Effect of pH on reaction rate
pH is the measure of H+ concentration in a liquid and ranges from 0 to 14 with 7 being considered neutral (acidic < 7 < basic). H+ can affect both the overall shape of protein (due to changing electrical interactions between the amino acids) as well as interfering with the mechanism by which the active site works. Enzymes usually are most active at the pH of their normal environment. Most of our body fluids are at about pH 7.3 and so that tends to be an optimal pH for most of our enzymes. Pepsin is a protease secreted into our stomach, which maintains a pH of less than 2. Unsurprisingly, it's optimal activity is in that acidic range. Some bacteria and archaea live in extreme environments such as hot springs or ice and their enzymes have evolved to function optimally at those extremes (as well as extremes in pH and salt concentration).
Effect of temperature on Enzymatic activity
Temperature is a measure of kinetic energy. Most reactions occur faster at higher temperatures because molecules are moving faster and bumping into each other more often and with more energy. Enzymatic reactions usually go faster at higher temperatures until the enzyme denatures. This is because when proteins get too hot, they unwind from their precise 3D structure and no longer function.
From PSTCC's Official Practical Review
- What is an enzyme? substrate? active site? product?
- For our lab experiments, what served as the enzyme? What was the substrate? What was the product?
- How could you tell if the products (water and oxygen) had been produced?
- How did temperature affect catalase activity?
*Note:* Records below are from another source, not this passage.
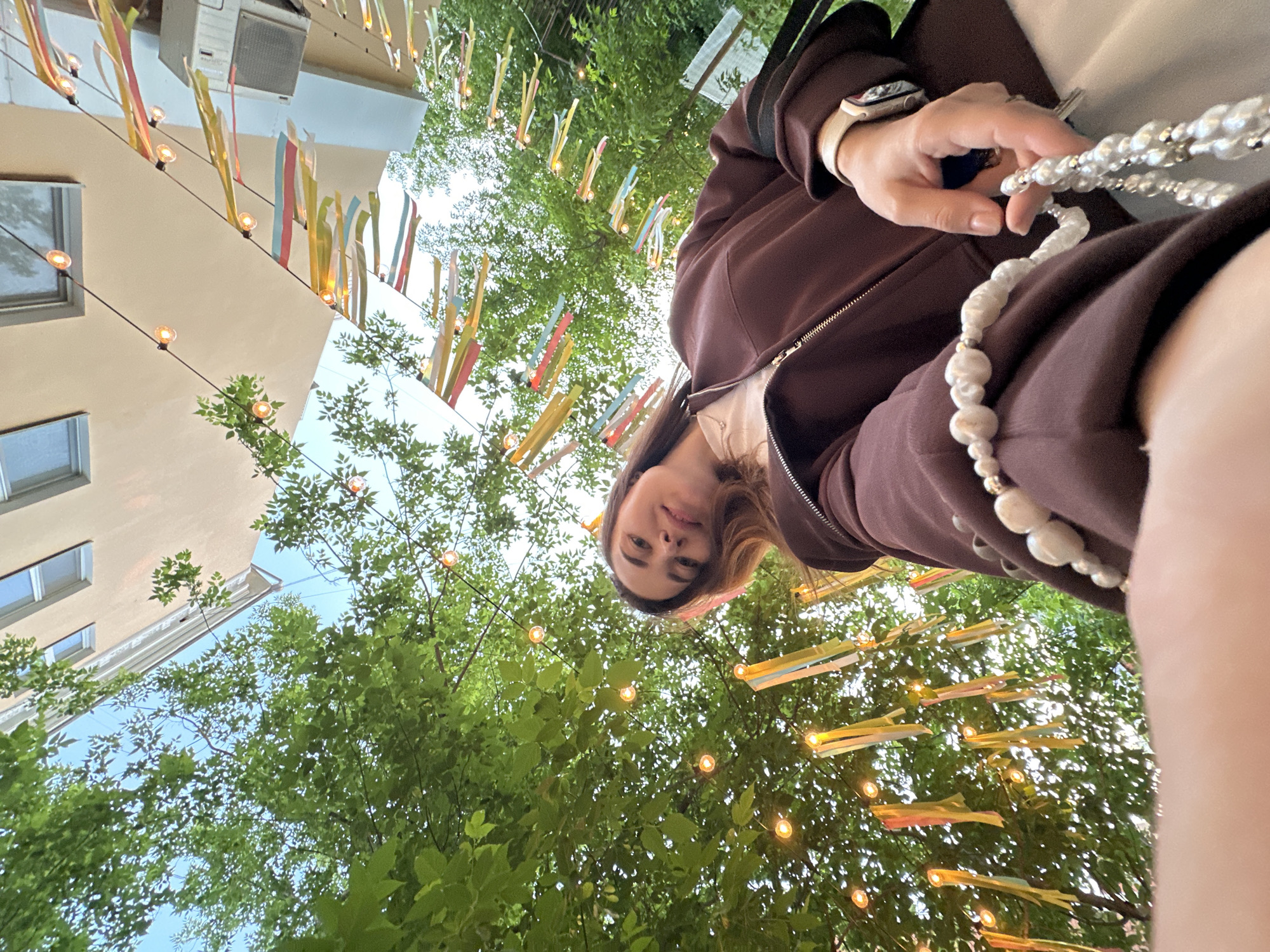 Woman takes selfie in decorated Perm courtyard during evening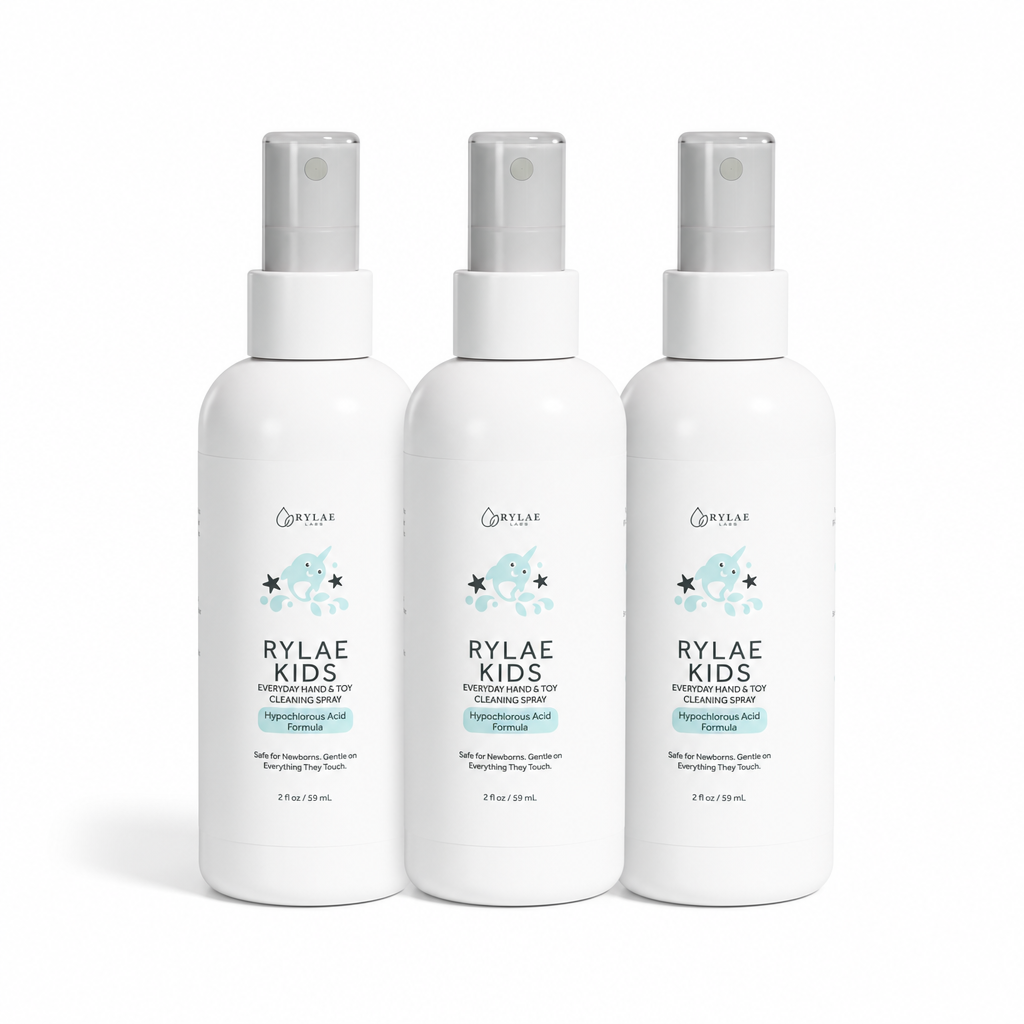 Three Rylae Kids 2oz HOCl cleaning spray bottles on white background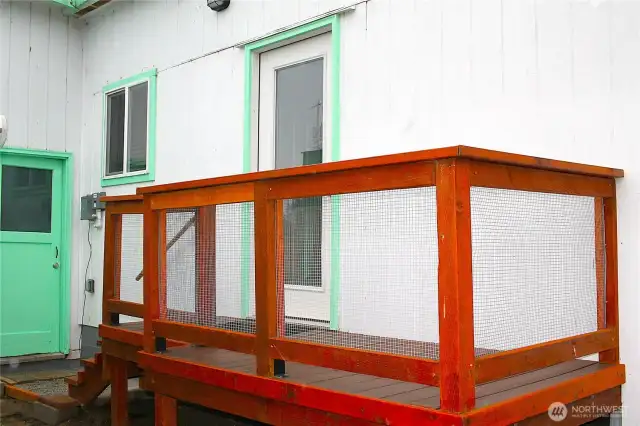 --- leads out to the back yard and entrance deck --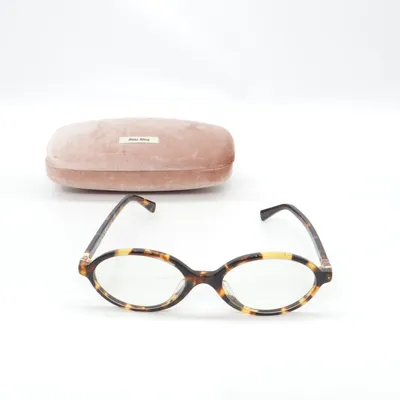 Lunettes (SMU 04Z-F) de Miu Miu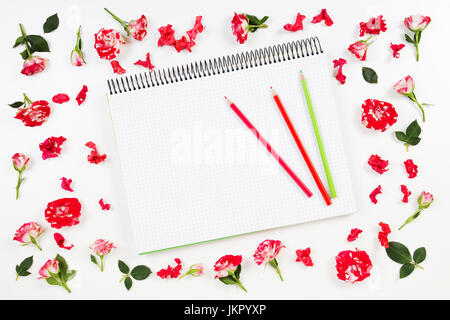 Offenen Spiral-Notizbuch mit Farbstiften und Blumenrahmen auf weißem Hintergrund. Flach legen, Top Aussicht Stockfoto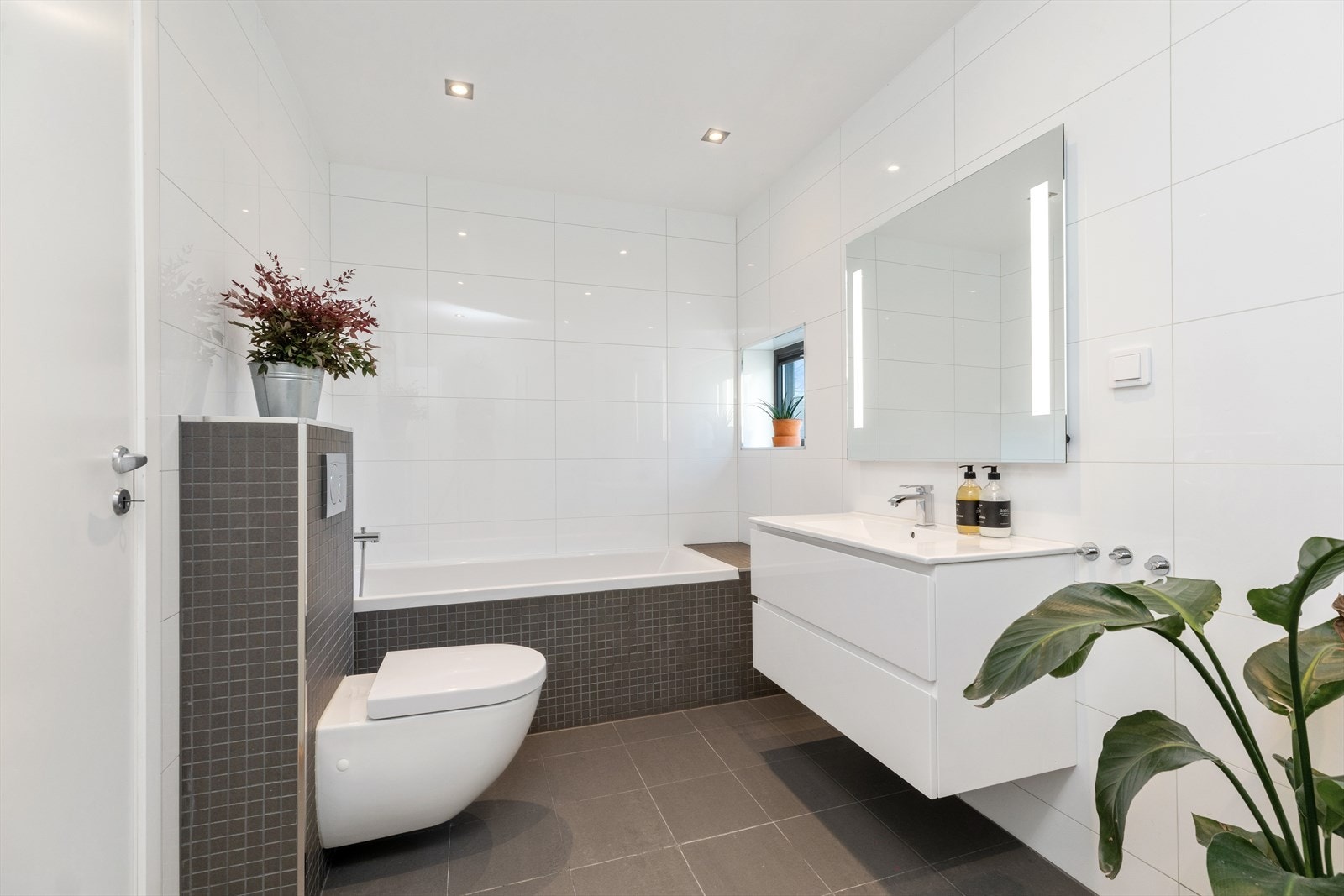 Baderom - 2 Etasje | Badet er utstyrt med badekar, servant i helstøpt plate og vegghengt toalett. Galleribilde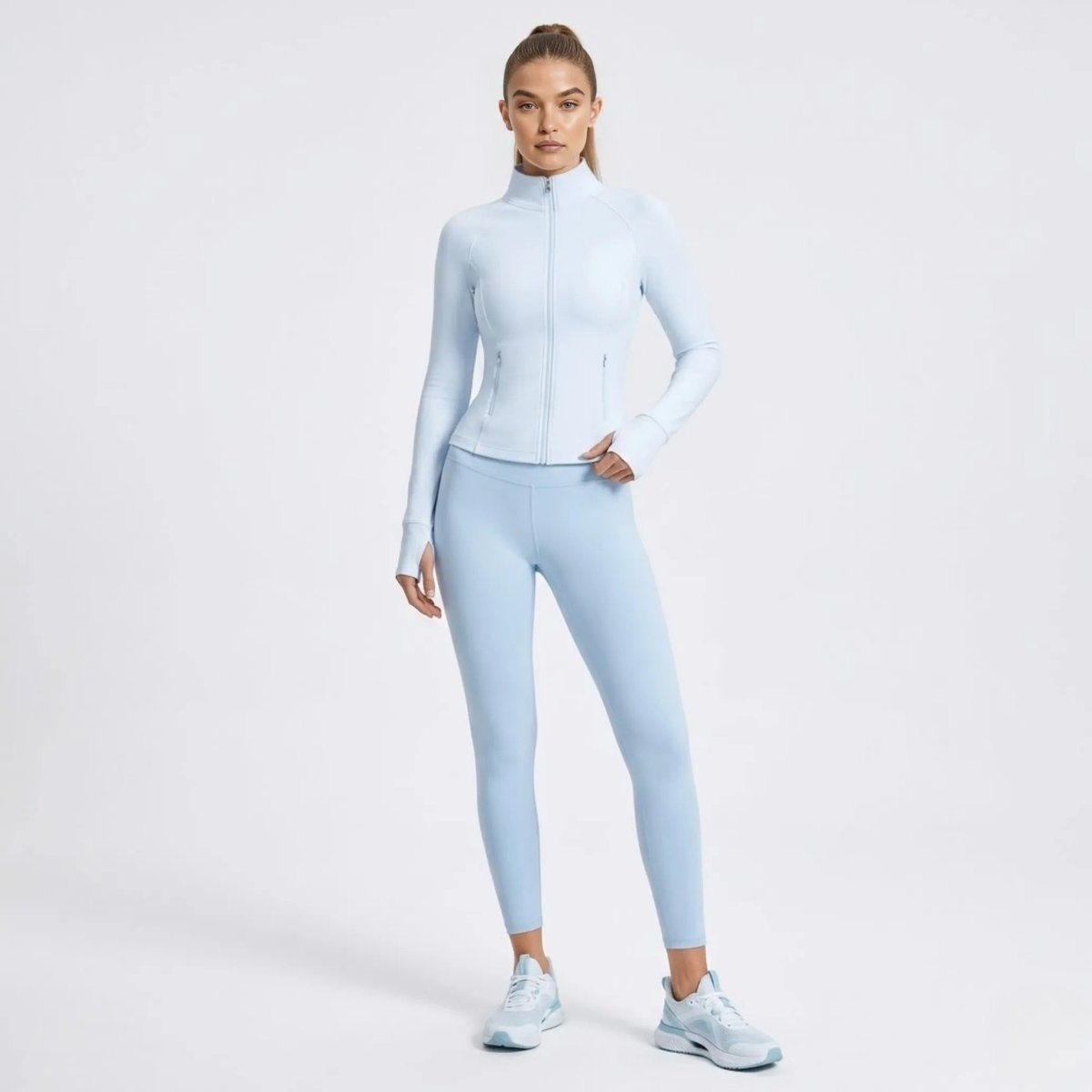 Side profile of woman walking in Kouvr light blue athletic jacket featuring functional thumbholes.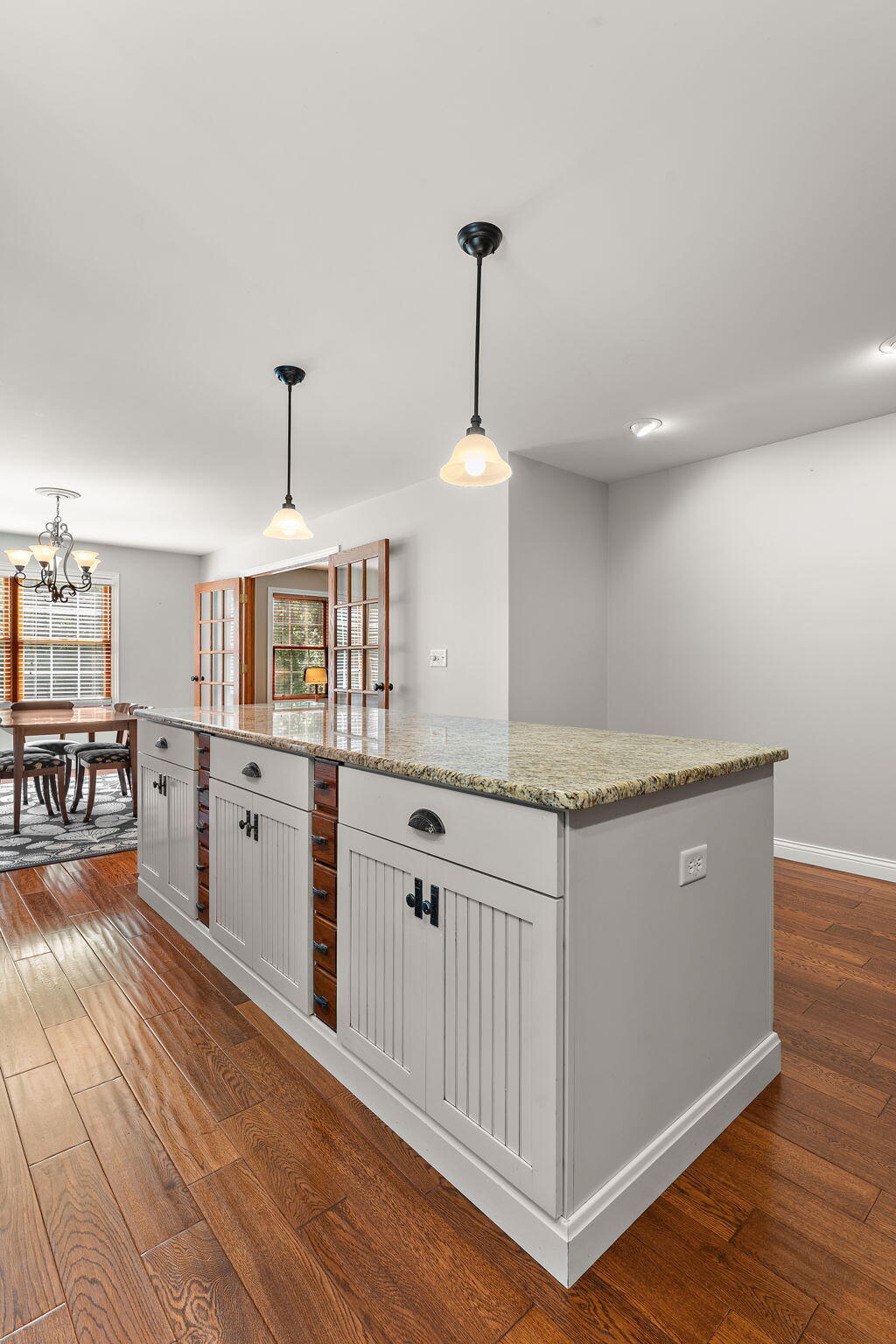 5338 East Lawler Court, Unit 67 Demotte, IN 46310 - Photo 18 of 49 a kitchen with granite countertop a stove a sink and a wooden floors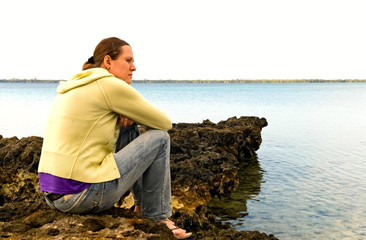 portrait of young woman on the coast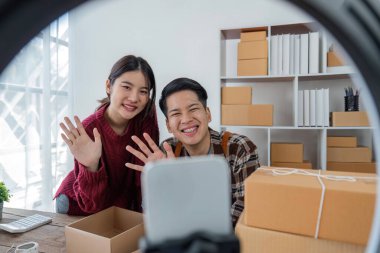 Genç çift cep telefonlarını canlı olarak çevrimiçi sosyal medyada kaydediyor ürünleri çiftler halinde satıyor, serbest çalışıyor, kendi işlerinde veya girişimcilerinde çalışıyor. E-ticaret, alışveriş konsepti.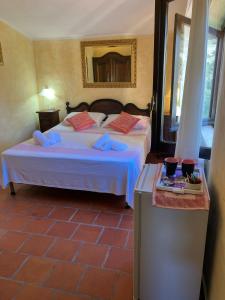 a bedroom with a bed and a table with a table at Angelo e Arcangela in Telti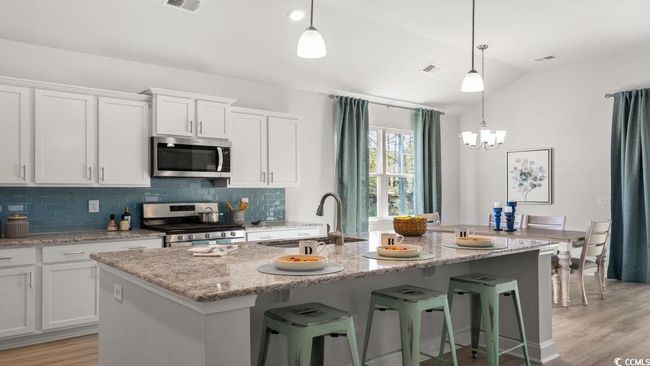 Kitchen featuring stainless steel appliances, a sink, vaulted ceiling, tasteful backsplash, and white cabinetry | Image 4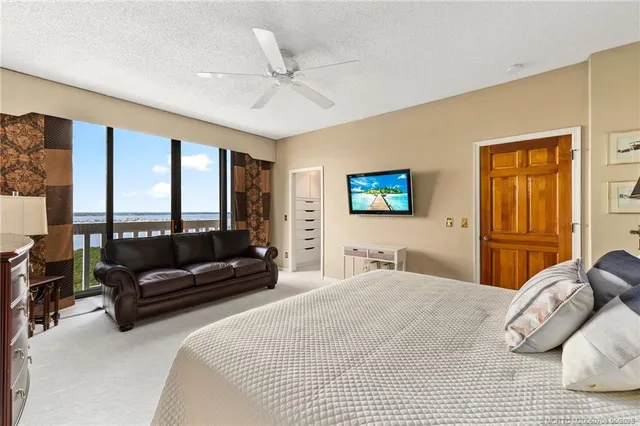 a bedroom with a bed and dresser with mirror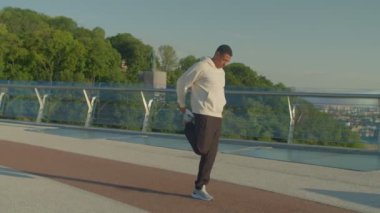 Kararlı spor sporunun portresi. Siyah adam bacak egzersizleri yapıyor, ısınıyor, kaslarını kasıyor ve kaslarını kasıyor. Sabah gündoğumunda şehir sokaklarında koşmadan önce..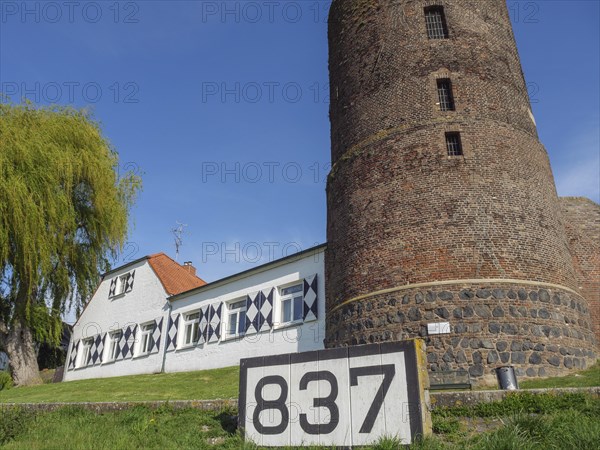 A stone tower and a house with the number 837 under a blue sky on a summer morning, rhine promenade of Rees with historic buildings green trees, rees, germany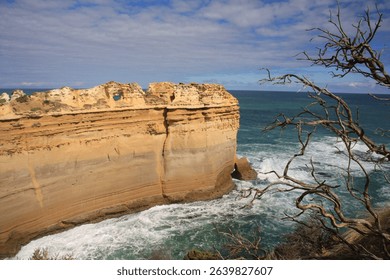 Scenic view of rugged cliffs and ocean waves at Loch Ard Gorge, Great Ocean Road, Australia, under a partly cloudy sky.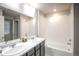 Beautiful bathroom featuring a double vanity, large mirror and shower-tub combination at 17600 Rose Heath Ln, Parker, CO 80134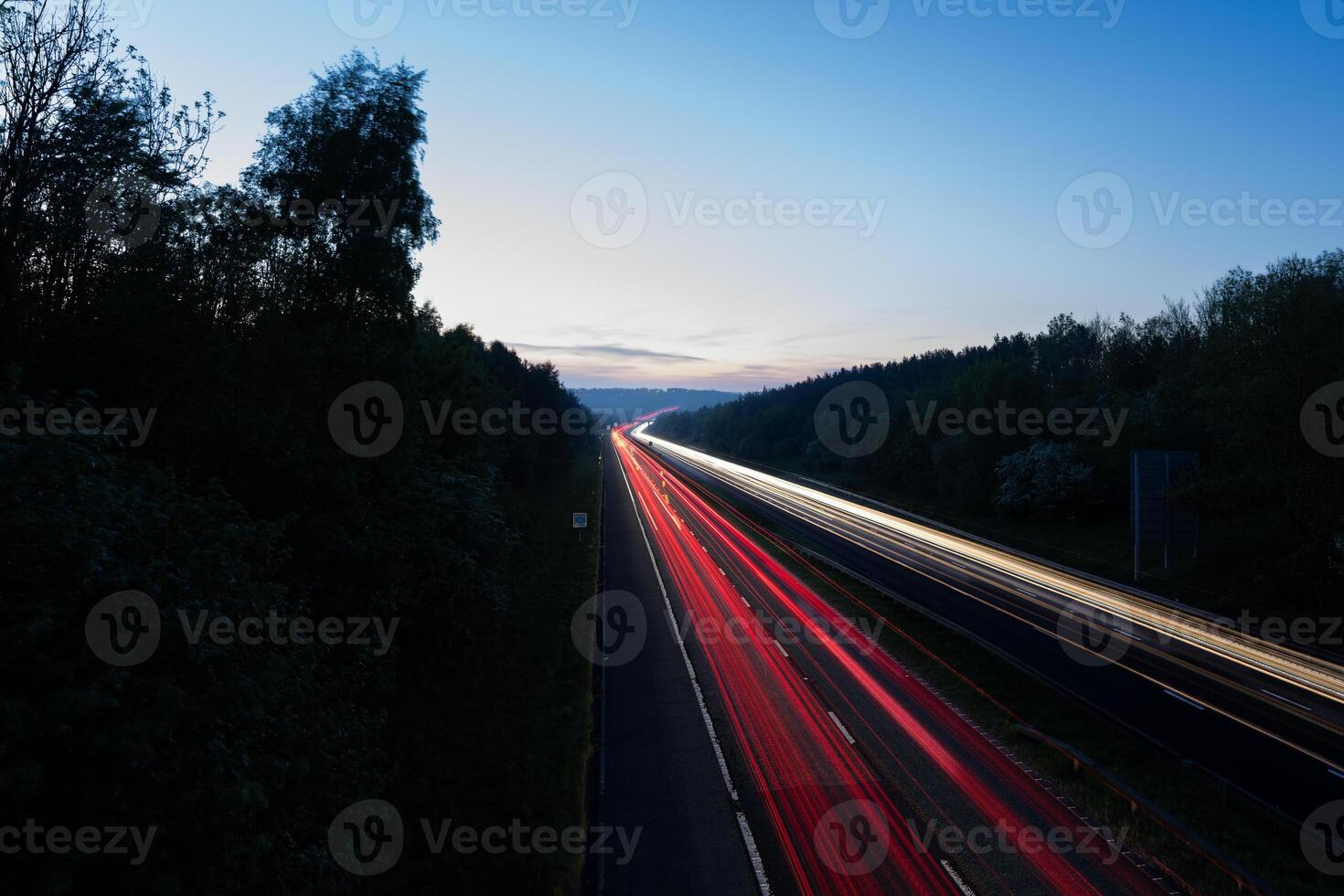Highway with light trails at dusk showing commuting traffic photo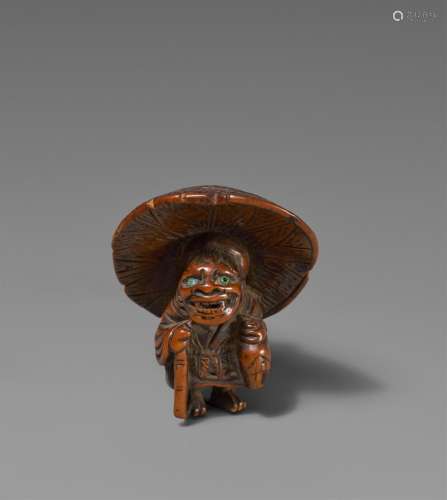 A boxwood netsuke of an oni with a tokkuri. 19th century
- How did pH affect catalase activity?
- Given a series of tubes, be able to identify the tubes with the highest catalase activity and the least catalase activity.
- What does it mean to denature an enzyme?
- Why is enzyme shape important to enzyme function?
- What determines the shape of an enzyme or other protein? How can heat alter the shape?? How can pH changes alter shape? Why?
- How were the toober and pushpins used to model protein structure?